Users can override to the V0 runtime by setting the environment variable
NRL_VLLM_USE_V1=0
.Important: The async implementation always uses the V1 runtime. Users who need to use the V0 runtime must switch to synchronous inference by setting
policy.generation.vllm_cfg.async_engine=False
.
Context Parallel with FSDP2#
NeMo-RL implemented this feature based on torch CP implementation. And we inherit its limitations. Whether model level support CP only depends on arguments passed to
torch.nn.functional.scaled_dot_product_attention
. Current NeMo-RL passed all ones attention mask tomodel.forward
. For Gemma-3, it won’t ignore attention mask as resultattn_bias
is not None which is not supported by torch CP. Please see assertion .Context parallel can’t be used together with sequence packing.
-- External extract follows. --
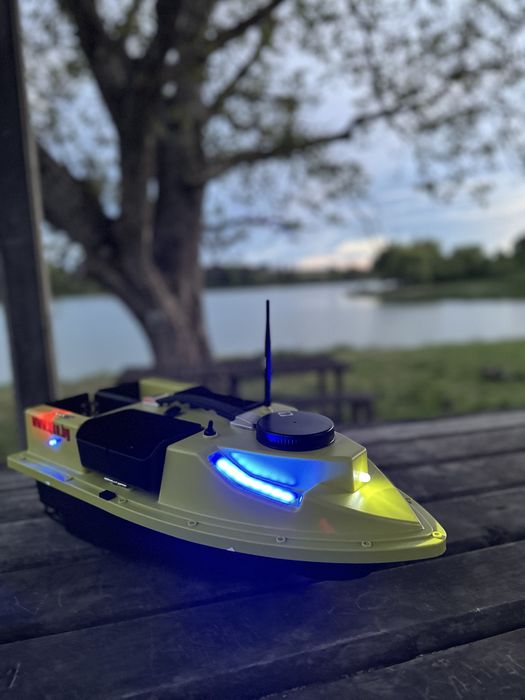 Лодка за захранка D20/D19 с GPS с 99 точки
Sequence packing requires
attn_implementation="flash_attention_2"
, this conflict with context parallel requires SDPA impl. Refer to here for more details.It’s a known issue that context parallel can’t be used together with sequence parallel. Refer to here for more details.
DeepScaleR Recipe Convergence Issues#
The DeepScaleR recipe (e.g., examples/configs/grpo-deepscaler-1.5b-8K.yaml
) has been found to experience convergence issues when CUDA graphs are enabled in vLLM.
Special Handling:
CUDA graphs must be disabled by setting
enforce_eager: True
in the vLLM configuration (https://github.com/NVIDIA-NeMo/RL/pull/857 forces eager execution by default).
vLLM Async Rollout Timeout#
vLLM async generation has a configurable timeout for waiting for individual sample results. This is particularly important for longer sequences on large models.
export NRL_VLLM_ASYNC_TIMEOUT_SECONDS=1800 # Default: 600 (10 minutes)
If you encounter timeout errors, the system will suggest doubling the current timeout value.